北大青鸟培训机构Figure 11. Integrity testing paration results
Integrity testing done consisted of repeated braking without any external cooling. The rotor was stop
ped from 80 km/h (equivalent speed) at high braking pressure (4500 kPa target) until significant gouging occurred.puzzor
The results of the integrity testing indicate that the lectively
诚信做人reinforced rotor will not fail under temperature change. There was no visible layer paration or significant warping. Gouging occurred at high rotor temperature (≥540°C), exceeding the degradation temperature of the brake pads ud.
Temperature Testing
Evaluating the effectiveness of the venting structure in the rotors was done through temperature testing. The rate of cooling of a vented automotive aluminum MMC rotor was compared against a similar rotor with the venting blocked. Venting was blocked using an epoxy putty. Minimal amounts of epoxy was ud, to maintain the
similarities between the rotors. The test consisted of adding heat to a
rotor, through a braking cycle, then spinning the rotor at a constant speed (300 rpm). Temperatures are then monitored as the rotor cools down. No external air source was added.
Table 2. Vented vs Non-vented cooldown results
The comparative results of the cooling of the vented and non-vented rotors showed that the vented rotor will cool faster than a non-vented rotor. This verifies development from solid rotor, to internally vented rotor.

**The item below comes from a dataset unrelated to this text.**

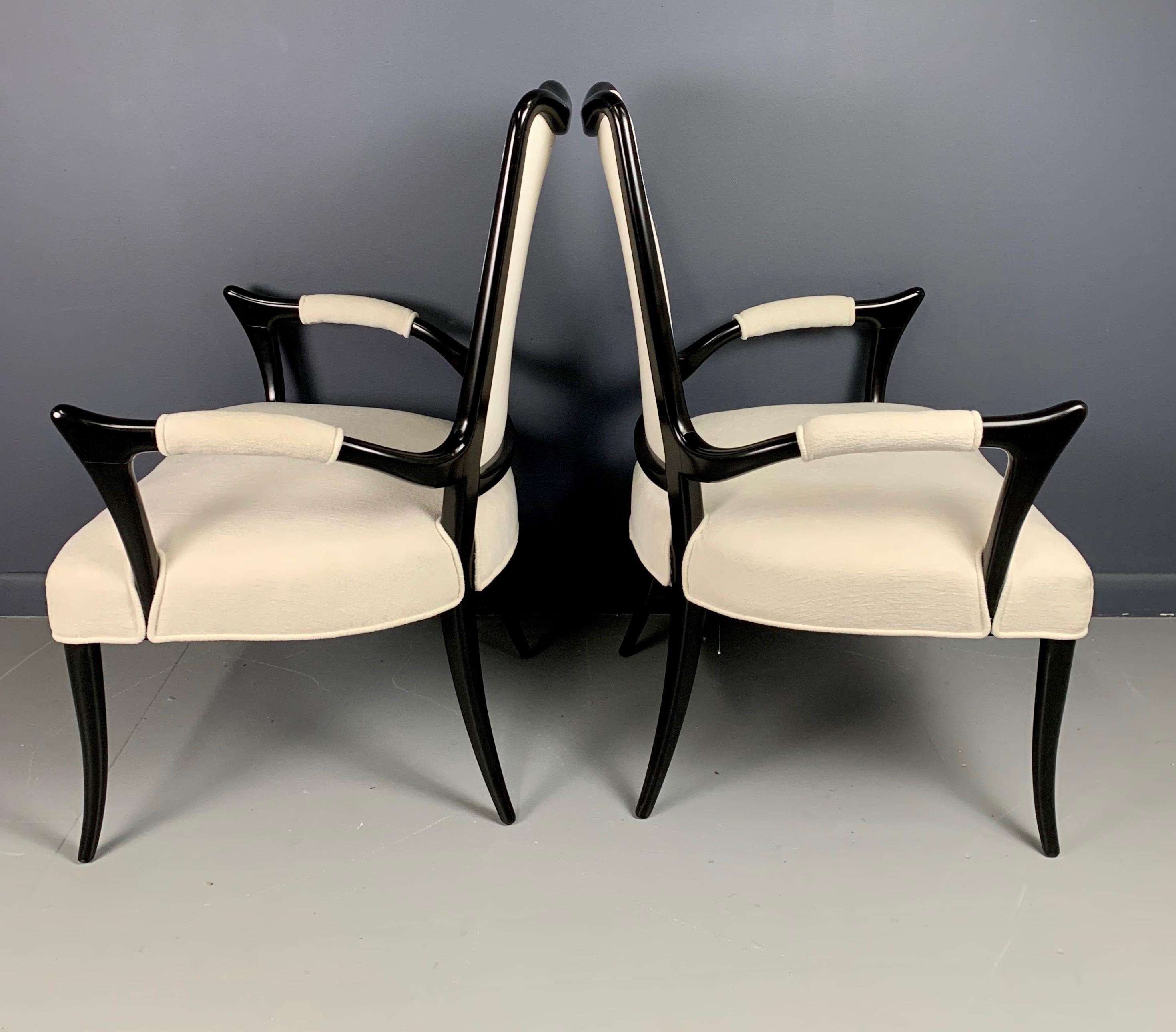 Italian Ebonized Sculptural Pair of Armchairs in the Style of Osvaldo Borsani 2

In the same manner as the previous test, a vented cast iron rotor was compared to the aluminum MMC vented automotive rotor. The
rotation speed was 330 rpm with a cooling wind with of 48.3 km/h.
Figure 12. Cast Iron vs Aluminum rotor cooldown results
The results of the cond temperature test shows the difference in the cooling rates between cast iron and aluminum MMC. The aluminum MMC cooled to 100°C in about half of the time that the cast iron rotor did. This difference in cooling rates allows an aluminum MMC
rotor to cool faster than a traditional brake rotor.
Figure 13. Aluminum MMC rotor dynamometer testing
A third temperature test was run on a dynamometer with two 280mm rotors. One rotor in the test was a prototype aluminum MMC rotor, while the cond rotor, like the previous test, was a vented cast iron rotor of similar geometry. The test consisted of ten stops from 80 km/hr equivalent speed and braking with a target maximum brake line pressure of 3500 kPa. There was approximately 20 conds between each stop. There was an external inline convective airflow produced by an industrial blower that matched the speed of the rotor,
simulating the operation of a vehicle. The dynamometer flywheel had
姜太公钓鱼愿者上钩的故事a moment of inertia of 78.25 kg*m^2.
Figure 14. Aluminum MMC vs cast iron operating temperature test
Results from the third temperature test show the operating
temperatures of a vented aluminum MMC rotor against a comparable cast iron rotor in an aggressive braking test. The MMC rotor
displayed a higher temperature gain per stop than the iron rotor, but also had a greater temperature loss between stops. The cast iron rotor had higher final temperature after the test, but displayed slightly
quicker braking, finishing the test in less time than the MMC rotor.
Figure 15. Iron rotor dynamometer testing
sonofthebitch
Production
REL mass produces aluminum MMC motorcycle rotors following the process of squeeze casting aluminum into a ceramic, post cast machining, and heat treatment. The production of a single piece
vented aluminum MMC rotor requires an extra component (salt core), two ceramic preforms, and an extra post process (salt removal). Although there are differences the production method of the single blade MMC motorcycle and the process needed for the vented MMC rotor, the method is adaptable to produce the vented MMC rotor.